I came across the word, “daylight ghost” in the following sentense of the fiction titled “The Lost Order” appearing in January 7 New Yorker magazine.
“I have not always – had not even long – been a daylight ghost, a layabout, a mal pensant, a vacancy, a housewife, a person foiled by the challenge of getting dressed and someone who considered eating less a valid primary goal. I hade been a fairly busy environmental lawer, an accidental expert of sorts in toxic-mold litigation.”
I can imagine that “daylight ghost” is the word to describe an introverted and passive woman from the following words, ‘layabout,’ 'mal pensant,’ ‘ a vacancy,’ ‘housewive.’ However, no dictionary at hand carries the word, “daylight ghost.”
I found two entries of this word in Google. One as the title of the fiction, ‘Daylight Ghost - A Memoir of War and Love’ by Janine di Giovanni, and the other as the same name title of a song of John Wesley Harding.
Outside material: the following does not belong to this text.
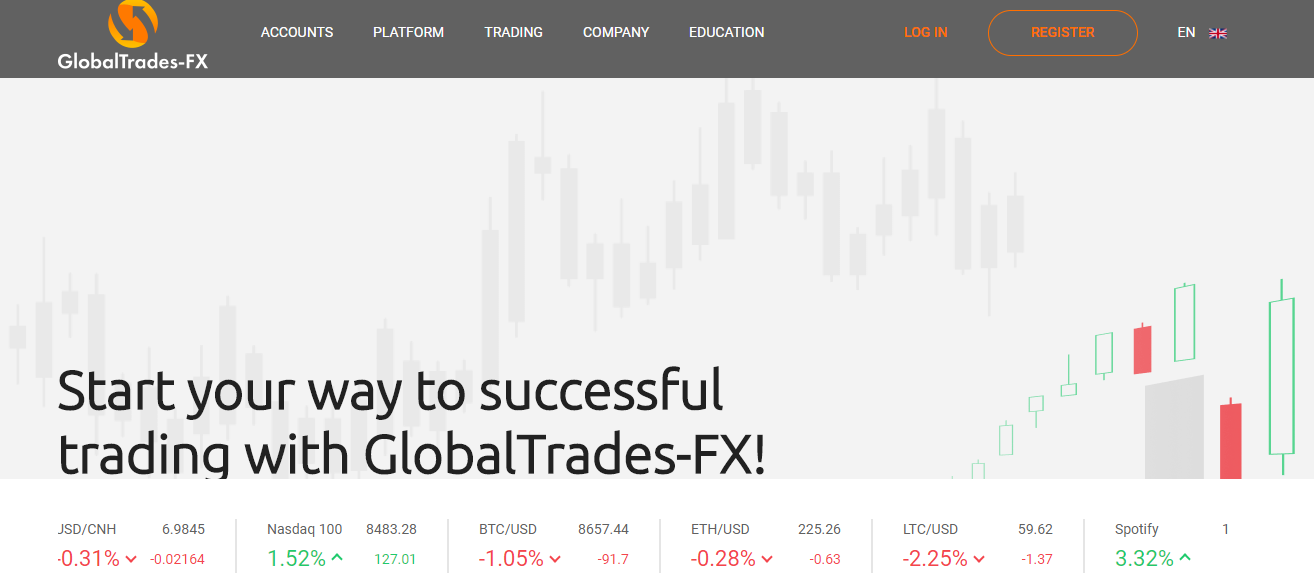 Честный обзор GlobalTrades-FX: анализ возможностей, отзывы обманутых инвесторов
What does “daylight ghost” exactly mean in a word? Is it well-used English word, or did the auther of “The Lost Order” just pick up the word from such a title of books and songs?
In connection with the above quote, can I translate a ‘mal pensant’ simply as “wrong thinker”? Is there any other implications? Does this word pass as a day-to-day English word today?